• What is expected
Transcribe the records below in full; pictures stay out of the copy.

• Given entries
───

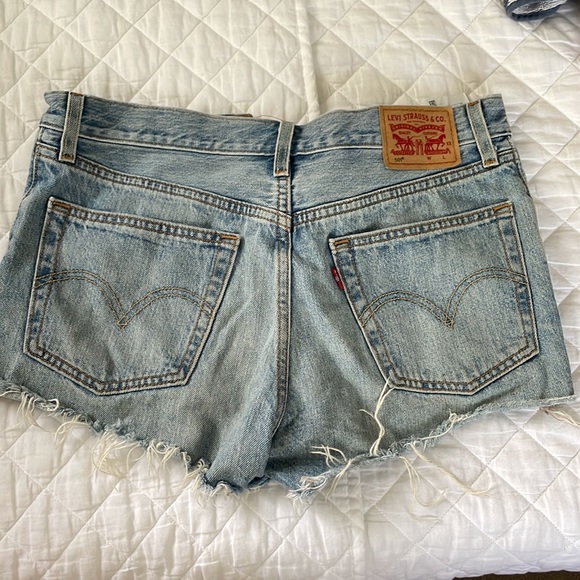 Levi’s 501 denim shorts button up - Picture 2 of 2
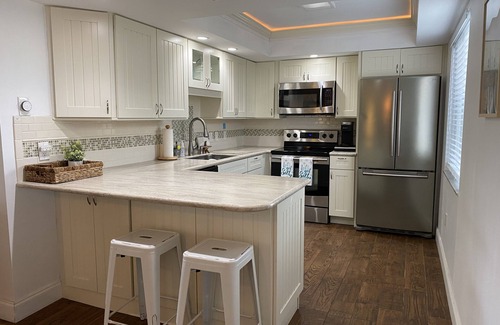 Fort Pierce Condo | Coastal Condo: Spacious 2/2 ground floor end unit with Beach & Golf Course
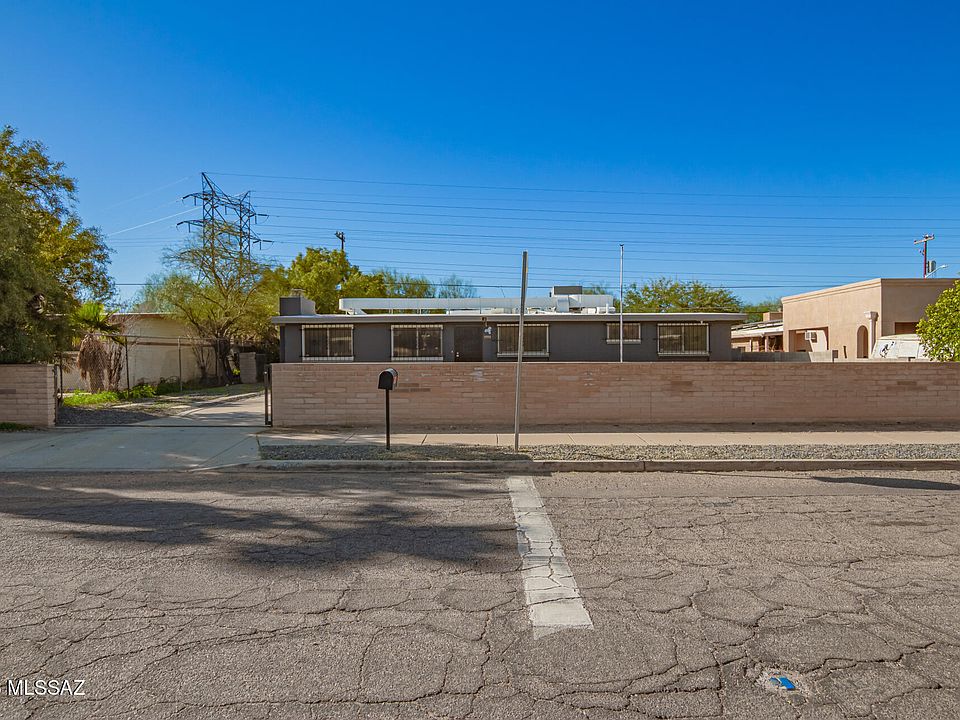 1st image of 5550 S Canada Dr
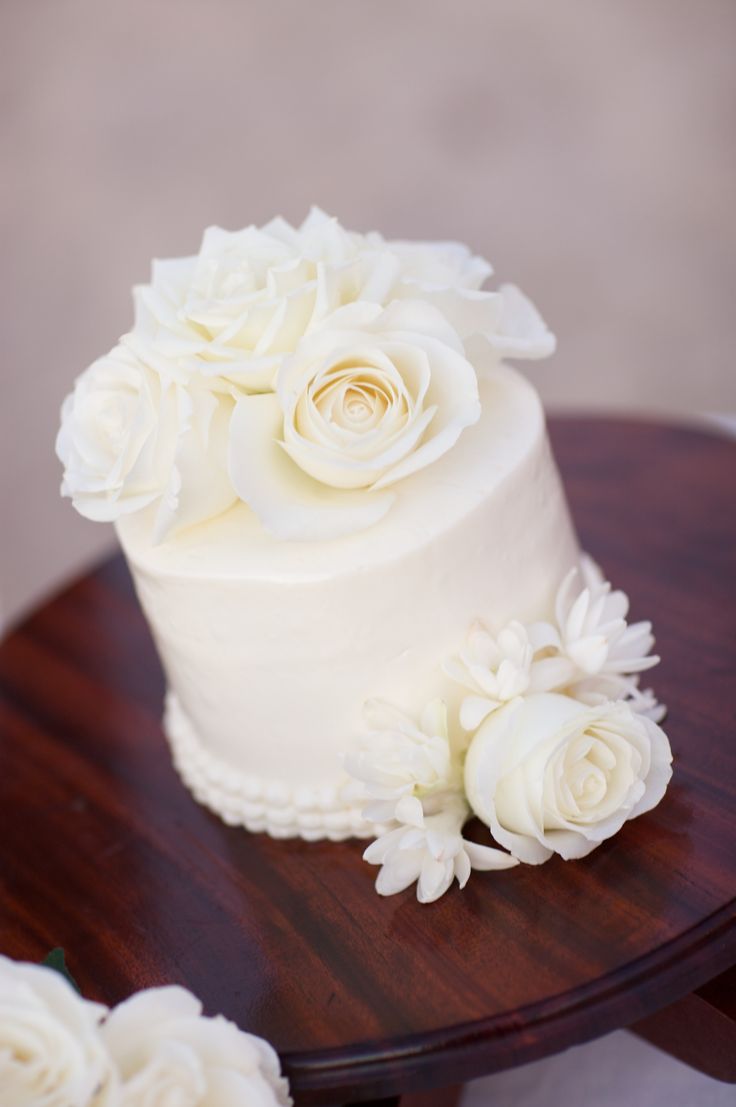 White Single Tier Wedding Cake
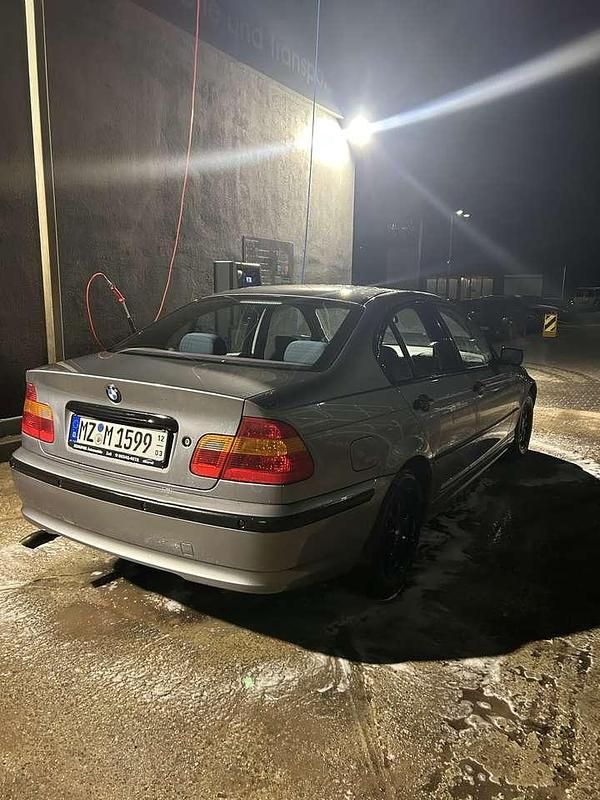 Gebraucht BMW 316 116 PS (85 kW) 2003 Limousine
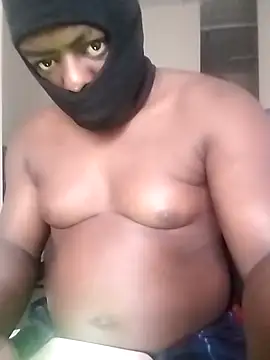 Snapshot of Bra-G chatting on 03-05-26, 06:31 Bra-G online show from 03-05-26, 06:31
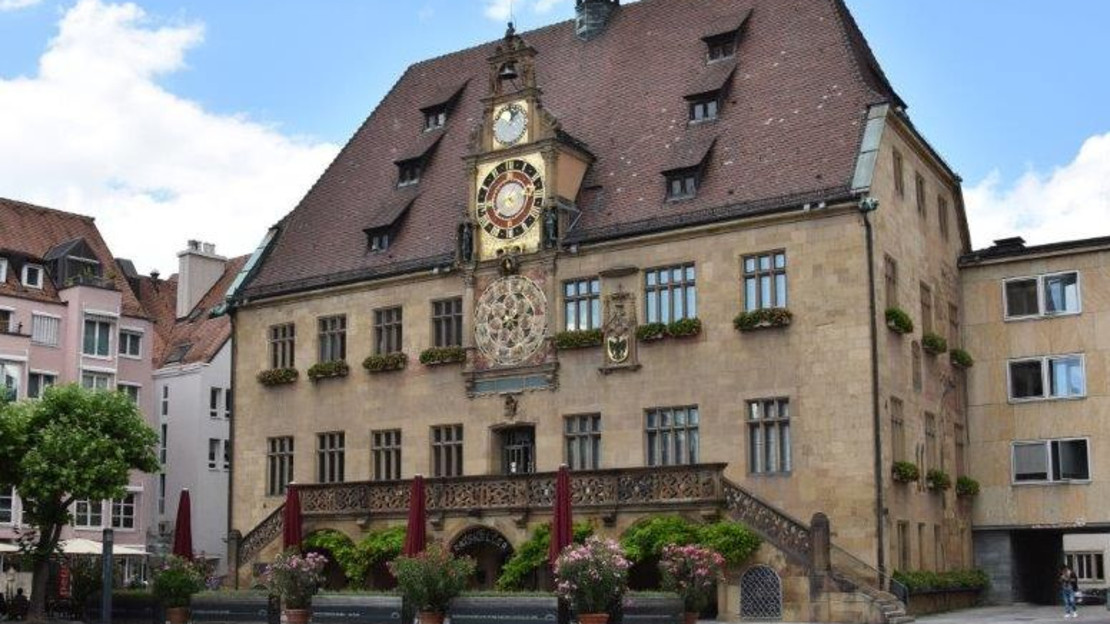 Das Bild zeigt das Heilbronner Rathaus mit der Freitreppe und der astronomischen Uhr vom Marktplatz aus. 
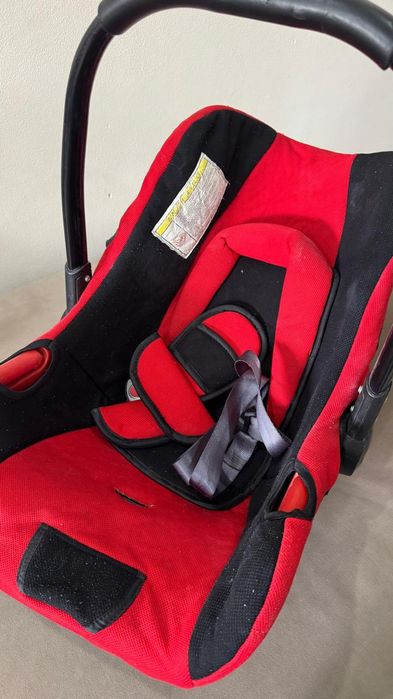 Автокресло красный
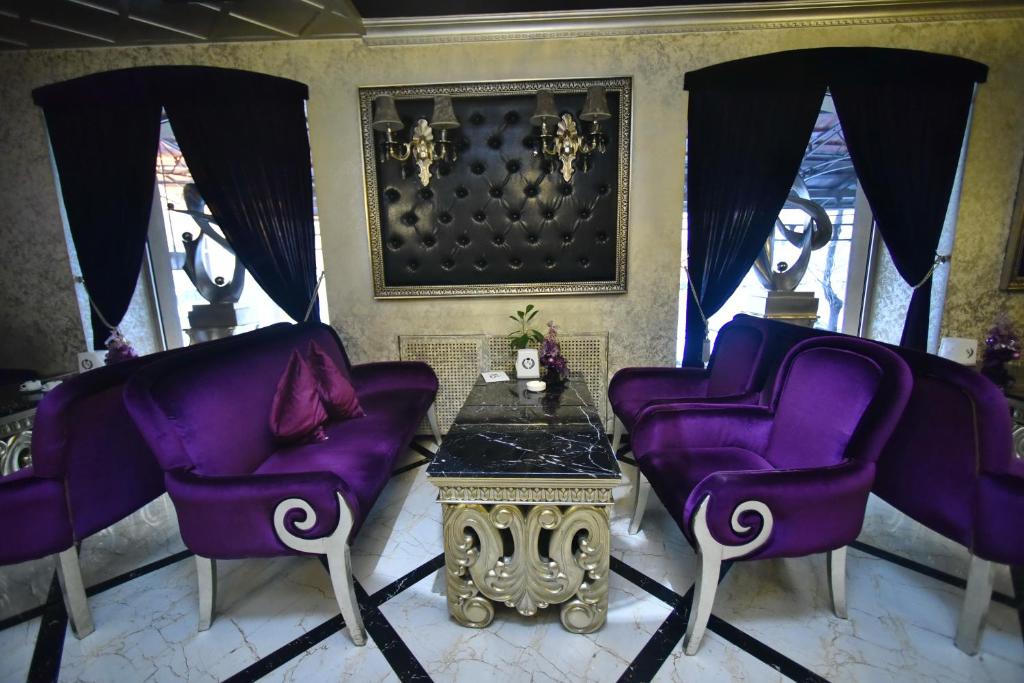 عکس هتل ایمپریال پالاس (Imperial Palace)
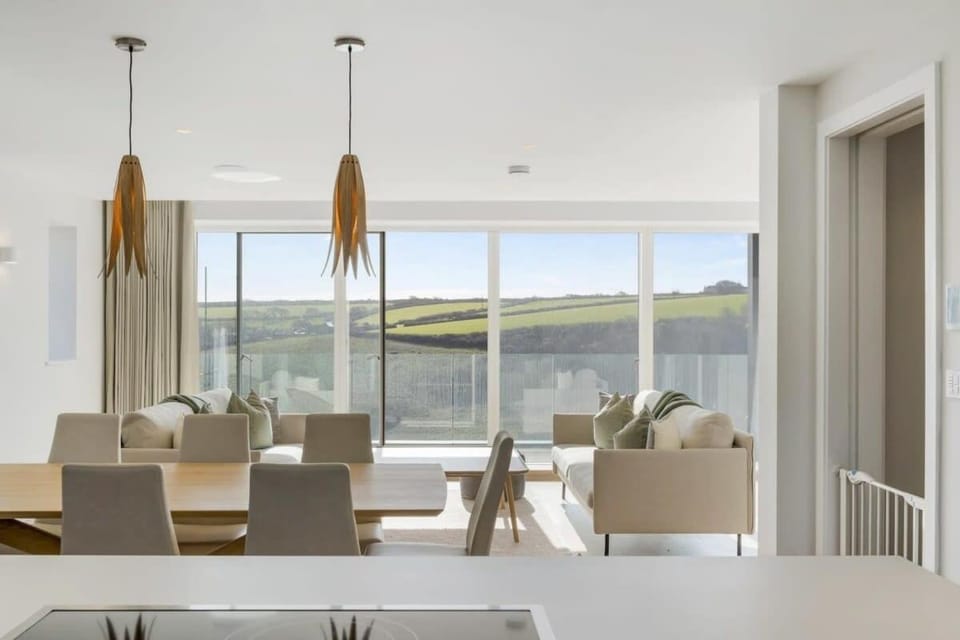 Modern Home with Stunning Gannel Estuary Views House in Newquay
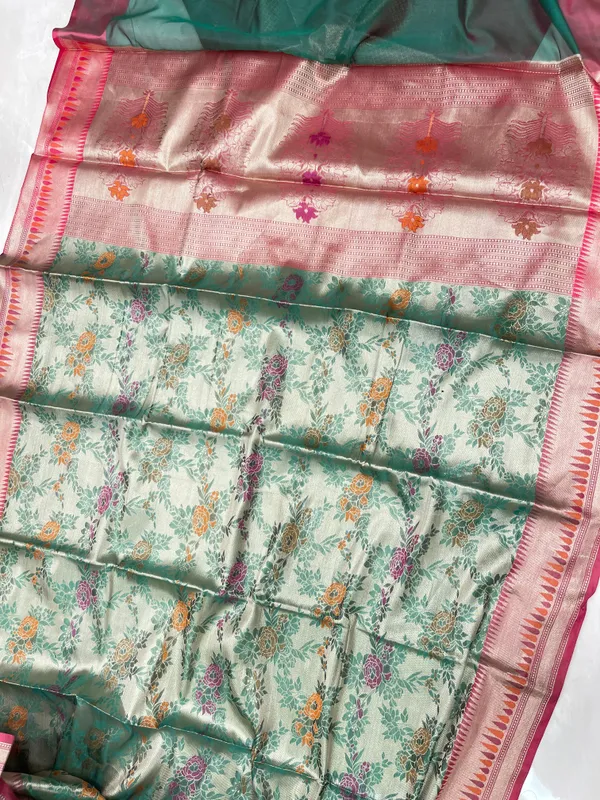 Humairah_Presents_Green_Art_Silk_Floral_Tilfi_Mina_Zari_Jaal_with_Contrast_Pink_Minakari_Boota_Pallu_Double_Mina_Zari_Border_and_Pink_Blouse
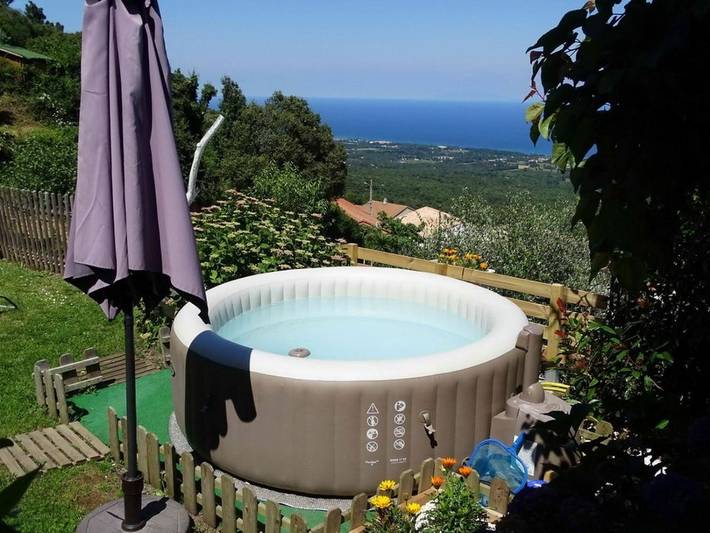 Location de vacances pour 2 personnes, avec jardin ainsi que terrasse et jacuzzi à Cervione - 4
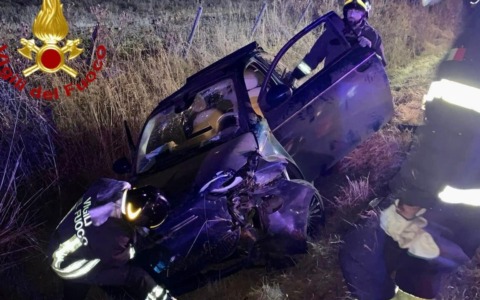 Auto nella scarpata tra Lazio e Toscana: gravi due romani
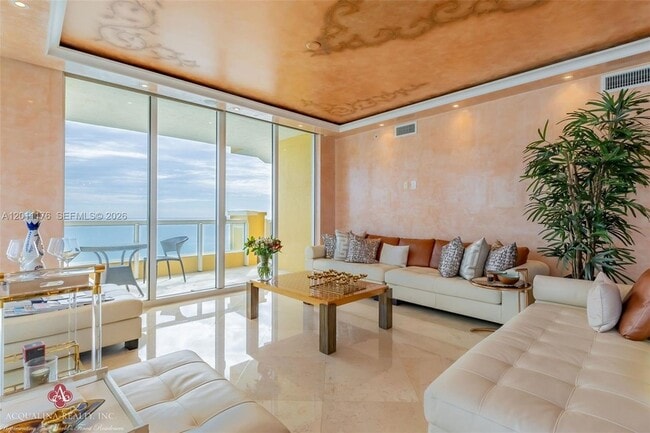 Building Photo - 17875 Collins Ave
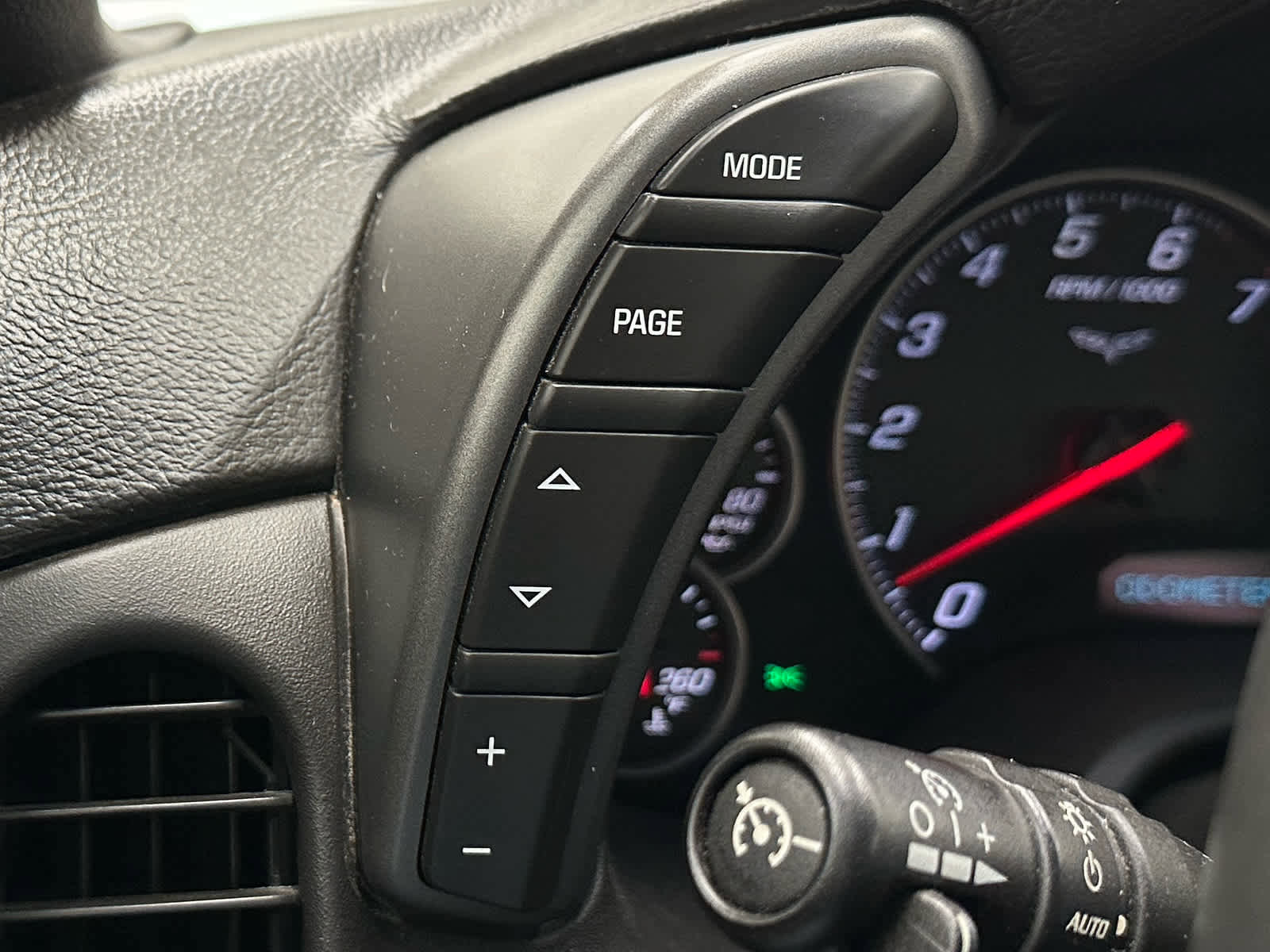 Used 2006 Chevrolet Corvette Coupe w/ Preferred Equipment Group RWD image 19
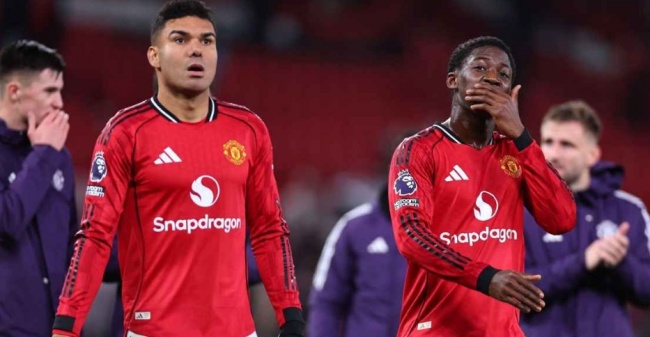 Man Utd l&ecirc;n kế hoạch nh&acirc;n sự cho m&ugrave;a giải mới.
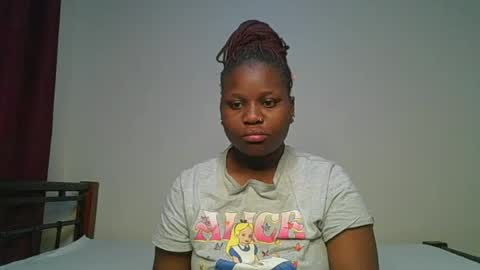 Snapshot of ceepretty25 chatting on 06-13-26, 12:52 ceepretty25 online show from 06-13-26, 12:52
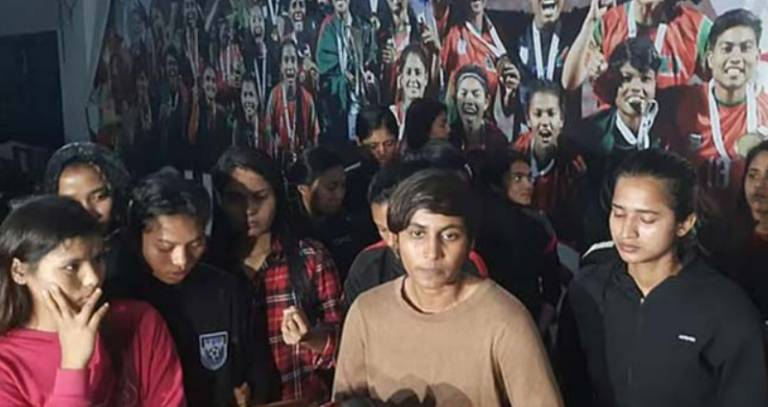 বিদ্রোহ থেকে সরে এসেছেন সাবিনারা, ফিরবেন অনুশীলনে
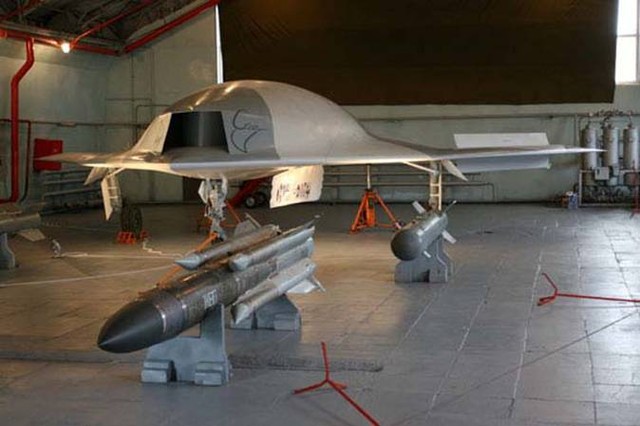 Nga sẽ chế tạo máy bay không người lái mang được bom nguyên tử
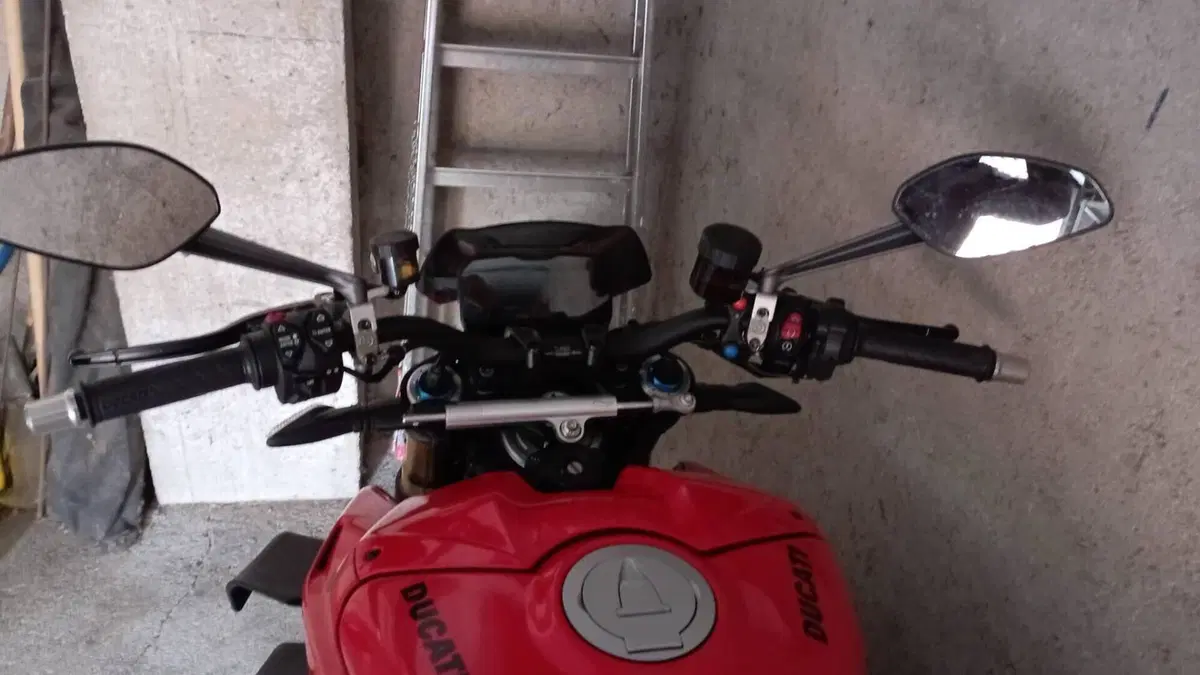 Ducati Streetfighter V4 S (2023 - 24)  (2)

───

• Result for this exercise
 Levi’s 501 denim shorts button up - Picture 2 of 2
 Fort Pierce Condo | Coastal Condo: Spacious 2/2 ground floor end unit with Beach & Golf Course
 1st image of 5550 S Canada Dr
 White Single Tier Wedding Cake
 Gebraucht BMW 316 116 PS (85 kW) 2003 Limousine
 Snapshot of Bra-G chatting on 03-05-26, 06:31 Bra-G online show from 03-05-26, 06:31
 Das Bild zeigt das Heilbronner Rathaus mit der Freitreppe und der astronomischen Uhr vom Marktplatz aus. 
 Автокресло красный
 عکس هتل ایمپریال پالاس (Imperial Palace)
 Modern Home with Stunning Gannel Estuary Views House in Newquay
 Humairah_Presents_Green_Art_Silk_Floral_Tilfi_Mina_Zari_Jaal_with_Contrast_Pink_Minakari_Boota_Pallu_Double_Mina_Zari_Border_and_Pink_Blouse
 Location de vacances pour 2 personnes, avec jardin ainsi que terrasse et jacuzzi à Cervione - 4
 Auto nella scarpata tra Lazio e Toscana: gravi due romani
 Building Photo - 17875 Collins Ave
 Used 2006 Chevrolet Corvette Coupe w/ Preferred Equipment Group RWD image 19
 Man Utd l&ecirc;n kế hoạch nh&acirc;n sự cho m&ugrave;a giải mới.
 Snapshot of ceepretty25 chatting on 06-13-26, 12:52 ceepretty25 online show from 06-13-26, 12:52
 বিদ্রোহ থেকে সরে এসেছেন সাবিনারা, ফিরবেন অনুশীলনে
 Nga sẽ chế tạo máy bay không người lái mang được bom nguyên tử
 Ducati Streetfighter V4 S (2023 - 24)  (2)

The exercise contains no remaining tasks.